Segment Start: Data section

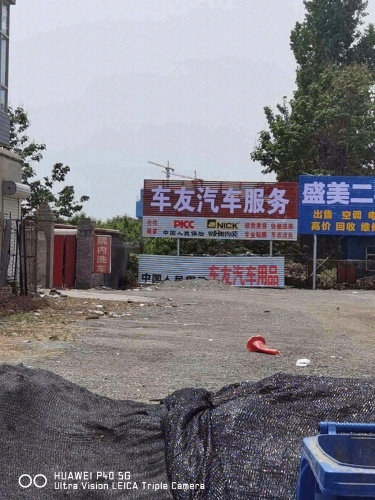 车友汽车美容装饰(宁晋博爱医院东)
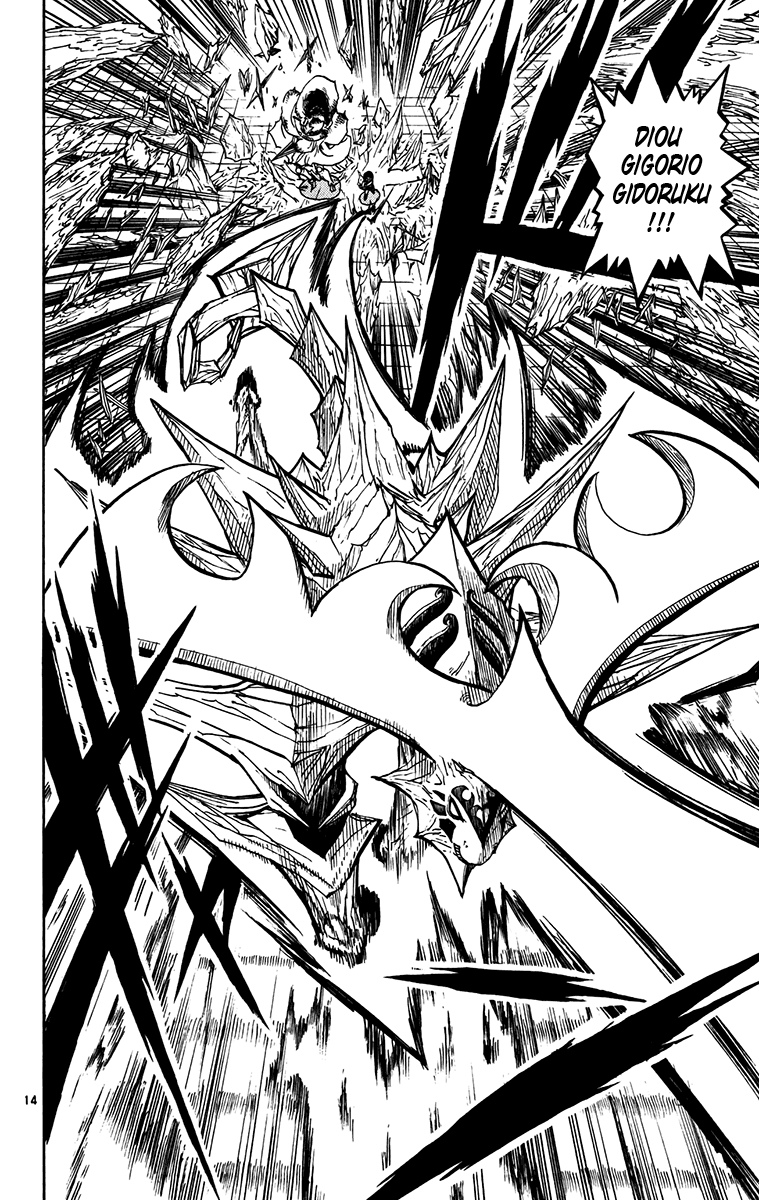 Konjiki no Gash!! Chapter 244 page 21 - Chapter 244: A Joyous Battle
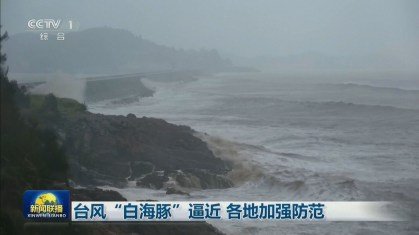 Ventos de 151 km/h: Tufão Dolphin inunda leste da China e paralisa Xangai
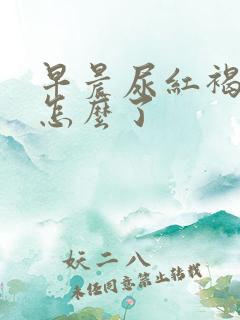 早晨尿红褐色是怎么了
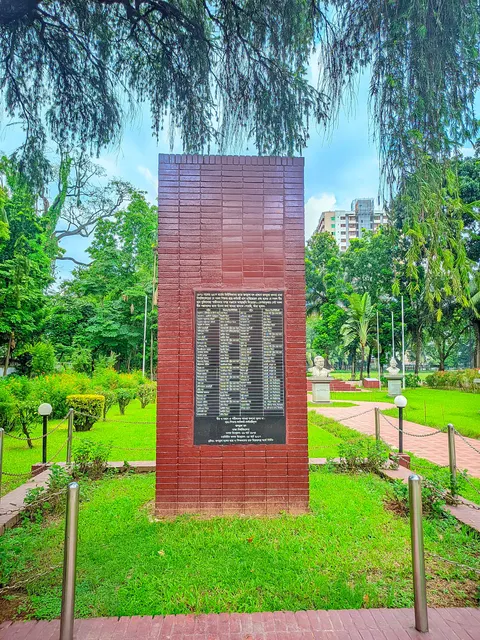 Memorial plaque 1974, Jagannath Hall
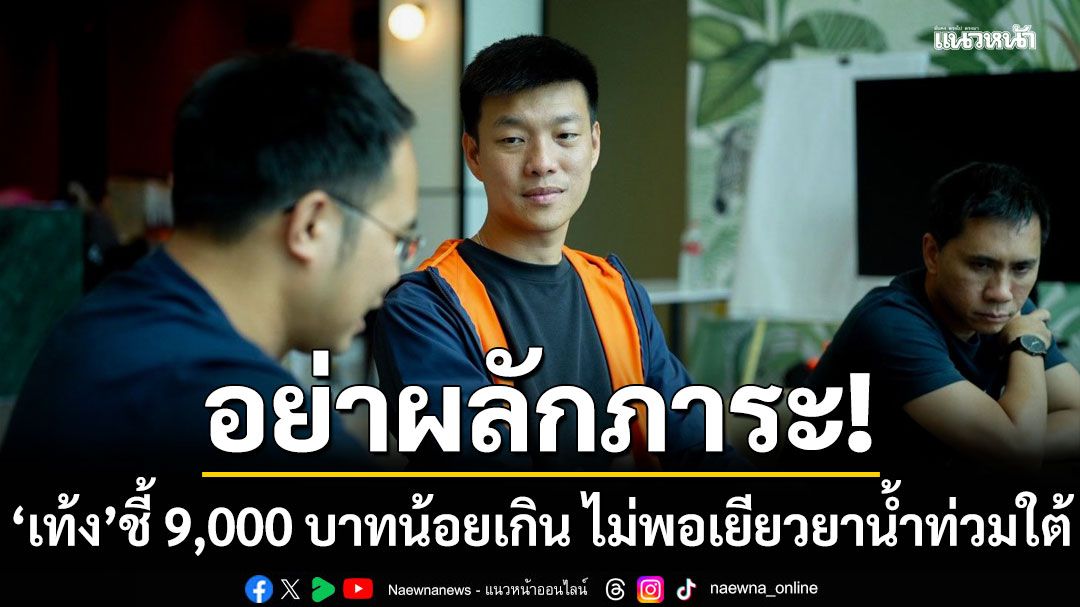 ณัฐพงษ์ ลั่น 9,000 บาท น้อยเกินไม่พอเยียวยาน้ำท่วมใต้ ชี้รัฐมีข้อมูลอยู่แล้ว ทำไมไม่จ่าย ถ้วนหน้า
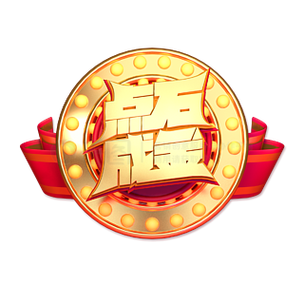 点消成金赚钱版2022缩略图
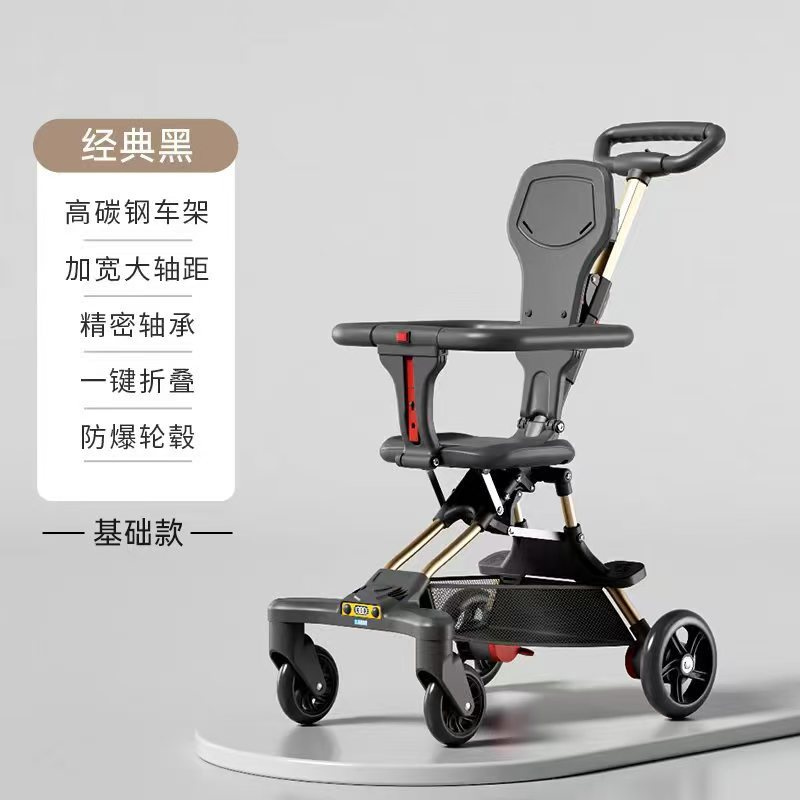 클래식 블랙 기본 모델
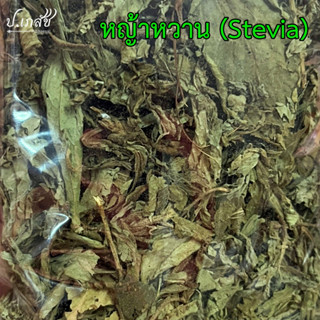 หญ้าหวาน [50 กรัม / 100 กรัม] หญ้าหวานแห้ง ใบหญ้าหวาน สตีเวี…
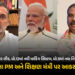 NEET, CBSE, ત્રણ ભાષા ફોર્મ્યુલા… રાહુલ ગાંધીએ વડાપ્રધાન અને શિક્ષણ મંત્રી પર સાધ્યું નિશાન | Rahu…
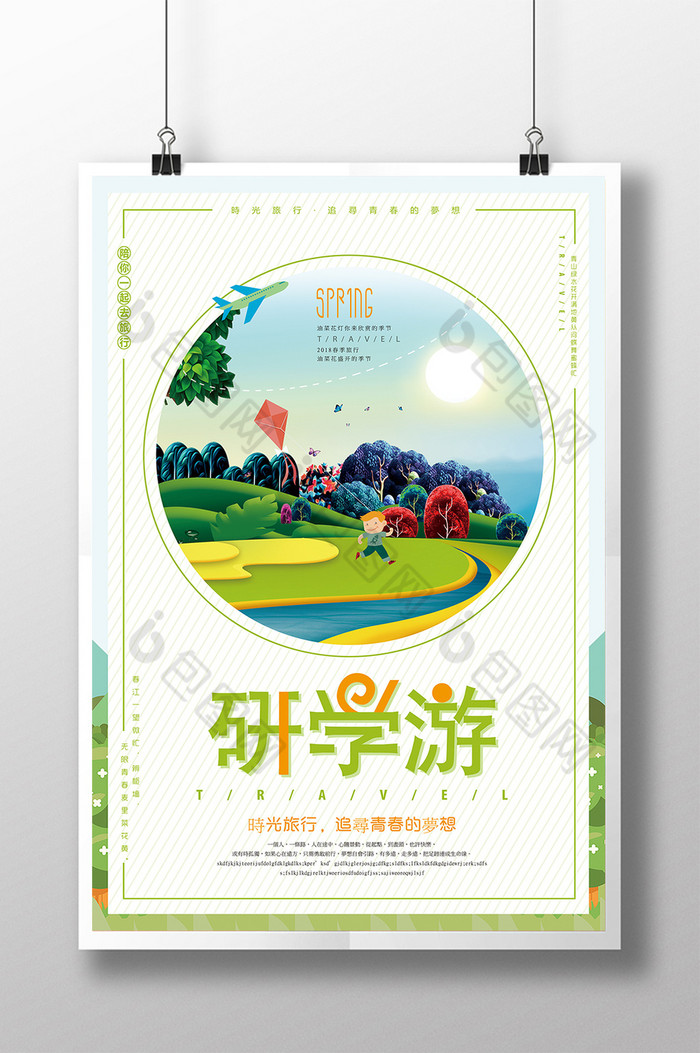 研学游春季旅游图片
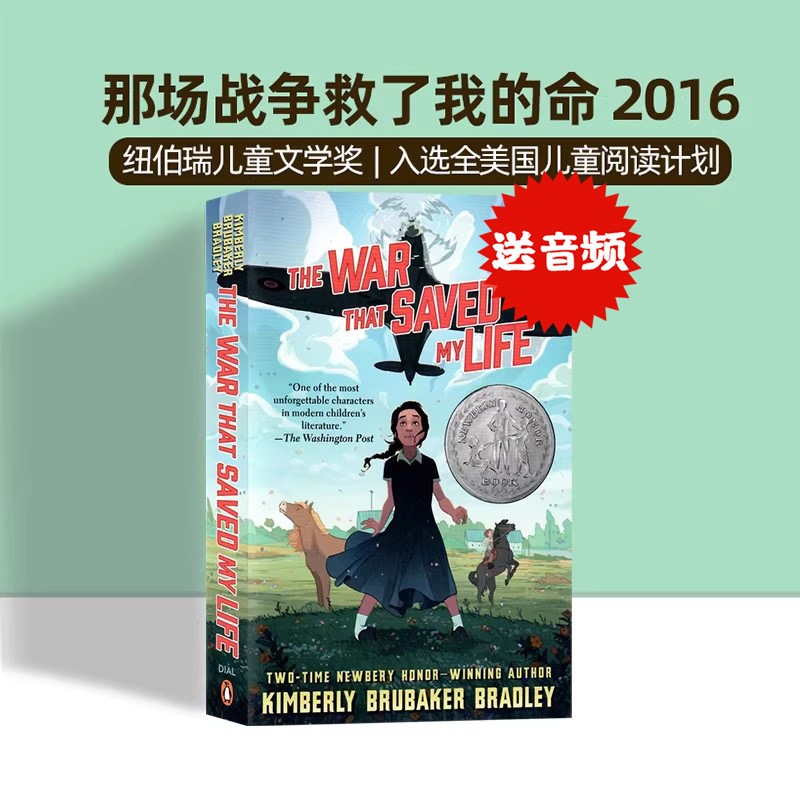 那场战争救了我的命2016 改变一生的战争 The War That Saved My Life 英文原版小说 纽伯瑞儿童文学奖 美国校园十佳少儿英语读物,书籍/杂志/报纸,儿童读物原版书,淘宝优惠券,粉丝福利购,淘宝优惠卷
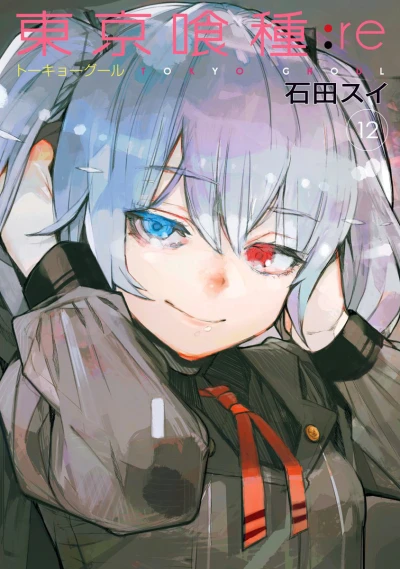 Cover of Vol. 12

Segment End: Data section

▸ **Exercise instructions**: Output only the lines from the one that contains "点消成金赚钱版2022缩略图" to the end of the entries above, both end lines included, and drop the pictures.

▸ **Completed exercise**:
 点消成金赚钱版2022缩略图
 클래식 블랙 기본 모델
 หญ้าหวาน [50 กรัม / 100 กรัม] หญ้าหวานแห้ง ใบหญ้าหวาน สตีเวี…
 NEET, CBSE, ત્રણ ભાષા ફોર્મ્યુલા… રાહુલ ગાંધીએ વડાપ્રધાન અને શિક્ષણ મંત્રી પર સાધ્યું નિશાન | Rahu…
 研学游春季旅游图片
 那场战争救了我的命2016 改变一生的战争 The War That Saved My Life 英文原版小说 纽伯瑞儿童文学奖 美国校园十佳少儿英语读物,书籍/杂志/报纸,儿童读物原版书,淘宝优惠券,粉丝福利购,淘宝优惠卷
 Cover of Vol. 12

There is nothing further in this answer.